Scandinavians in Chicago: The Origins of White Privilege in Modern America
- Author: Erika K. Jackson
- Language: English
- Subject: American history, white supremacy
- Publisher: University of Illinois Press
- Publication date: 2019
- Publication place: United States
- Media type: Print
- Pages: 246
- ISBN: 0252042115

= Scandinavians in Chicago =

Book by Erika K. Jackson

Scandinavians in Chicago: The Origins of White Privilege in Modern America is a 2019 non-fiction history book by Erika K. Jackson, published by University of Illinois Press.
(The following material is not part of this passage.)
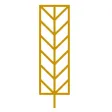 National Youth Film Academy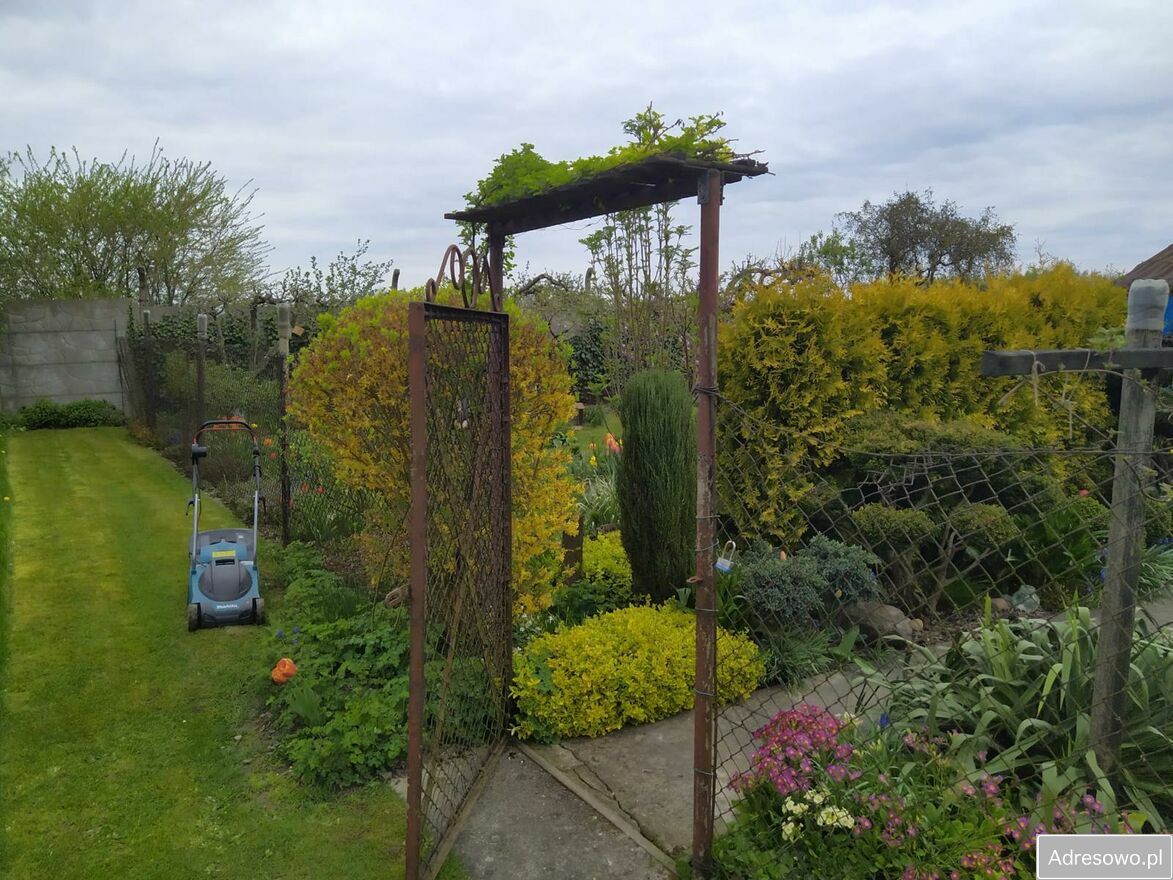 Działka rod Gliwice. Zdjęcie 4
The work describes how Scandinavian Americans were initially seen as not being at the top of the U.S. racial hierarchy but that this perception changed by the 1880s.
The work describes how media by the 1920s promoted positive images of people of Scandinavian origins.

==Reception==
Aleksi Huhta of the University of Turku described the book as "well-crafted and fascinating", though Huhta argued the book should have described links to the immigrants' mother countries and that not doing so results in a "lack of transnational sensibility."

Odd S. Lovoll of St. Olaf College described the book as "clearly a major scholarly work".
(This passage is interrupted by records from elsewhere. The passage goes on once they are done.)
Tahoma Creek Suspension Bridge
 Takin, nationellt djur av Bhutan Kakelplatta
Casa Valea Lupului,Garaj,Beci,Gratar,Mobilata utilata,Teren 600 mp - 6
Benjamin R. Teitelbaum of the University of Colorado, Boulder wrote that "it is an understatement to say that Erika Jackson’s book fills an urgent void." However, he also noted that sometimes the book lacked footnotes or text detail supporting "many attributions of intentionality and of generality" and that "core claims are occasionally proclaimed rather than demonstrated".